Tech companies and advocacy groups are urging the Supreme Court to take up a legal battle over whether or not firms can copyright part of their programming commands.
The case comes down to whether or not Oracle has the ability to assert a copyright claim on commands that allow programs to communicate with each other, known as an application programming interface (API). APIs are integral to computer companies.
In a friend-of-the-court brief on Friday, the Computer and Communications Industry Association — a major trade group that includes Google, Microsoft and Facebook — told the high court that granting copyrights for software applications would create “broad monopol[ies]” that “would have serious implications for consumer welfare,” since the company controlling the copyright could determine which other firms’ products were allowed to operate with it.

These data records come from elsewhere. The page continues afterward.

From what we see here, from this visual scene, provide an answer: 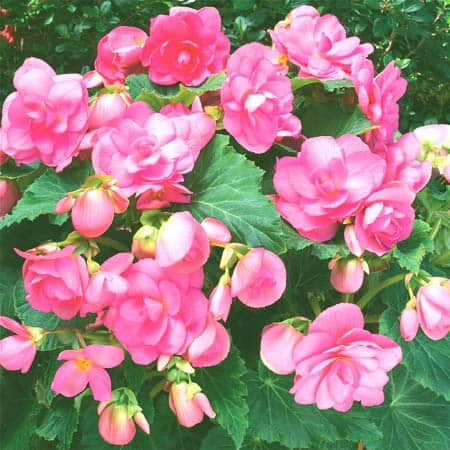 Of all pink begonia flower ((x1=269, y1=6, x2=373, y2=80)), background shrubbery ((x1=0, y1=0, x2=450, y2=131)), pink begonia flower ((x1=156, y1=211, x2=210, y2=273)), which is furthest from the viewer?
background shrubbery ((x1=0, y1=0, x2=450, y2=131))

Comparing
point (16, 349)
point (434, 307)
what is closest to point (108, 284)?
point (16, 349)

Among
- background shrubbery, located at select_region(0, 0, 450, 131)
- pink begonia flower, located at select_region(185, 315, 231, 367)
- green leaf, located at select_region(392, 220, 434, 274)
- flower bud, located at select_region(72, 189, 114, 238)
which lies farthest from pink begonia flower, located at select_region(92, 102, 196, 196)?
background shrubbery, located at select_region(0, 0, 450, 131)

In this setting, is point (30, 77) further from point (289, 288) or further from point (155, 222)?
point (289, 288)

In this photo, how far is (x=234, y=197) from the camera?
3.11 feet

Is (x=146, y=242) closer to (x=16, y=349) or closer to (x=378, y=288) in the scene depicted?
(x=16, y=349)

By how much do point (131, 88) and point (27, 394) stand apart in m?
0.45

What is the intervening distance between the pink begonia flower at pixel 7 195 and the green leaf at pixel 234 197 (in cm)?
28

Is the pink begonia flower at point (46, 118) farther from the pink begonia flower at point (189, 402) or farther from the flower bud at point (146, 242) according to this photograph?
the pink begonia flower at point (189, 402)

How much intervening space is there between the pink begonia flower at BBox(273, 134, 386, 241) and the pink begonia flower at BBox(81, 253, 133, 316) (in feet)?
0.73

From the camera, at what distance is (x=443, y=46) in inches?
93.4

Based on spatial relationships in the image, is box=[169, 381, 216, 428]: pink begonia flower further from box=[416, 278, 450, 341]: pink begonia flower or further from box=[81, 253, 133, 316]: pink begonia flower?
box=[416, 278, 450, 341]: pink begonia flower

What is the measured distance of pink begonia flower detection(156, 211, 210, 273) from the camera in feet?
2.72

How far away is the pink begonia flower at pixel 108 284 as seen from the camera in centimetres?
84

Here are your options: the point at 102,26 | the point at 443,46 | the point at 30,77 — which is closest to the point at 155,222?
the point at 30,77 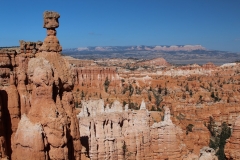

“In short, in the computer industry, overly broad intellectual property protection directly restricts competition and innovation,” the trade group argued.
The Electronic Frontier Foundation (EFF) filed a similar brief in support of Google on behalf of 77 prominent computer scientists.
The appeals court decision “upended decades of industry practice and threatens the basic principles upon which our technology sector was built,” argued the EFF.
Consumer interest group Public Knowledge, meanwhile, likened a company’s API to the head of a screw, which anyone should be able to make a screwdriver to fit.
“Just as screws and screwdrivers require a common socket in order to work, software requires a common language — an application programming interface,” the group argued.
The case, Google v. Oracle, is pending at the Supreme Court. A decision on whether or not the court will take it up is due in coming months.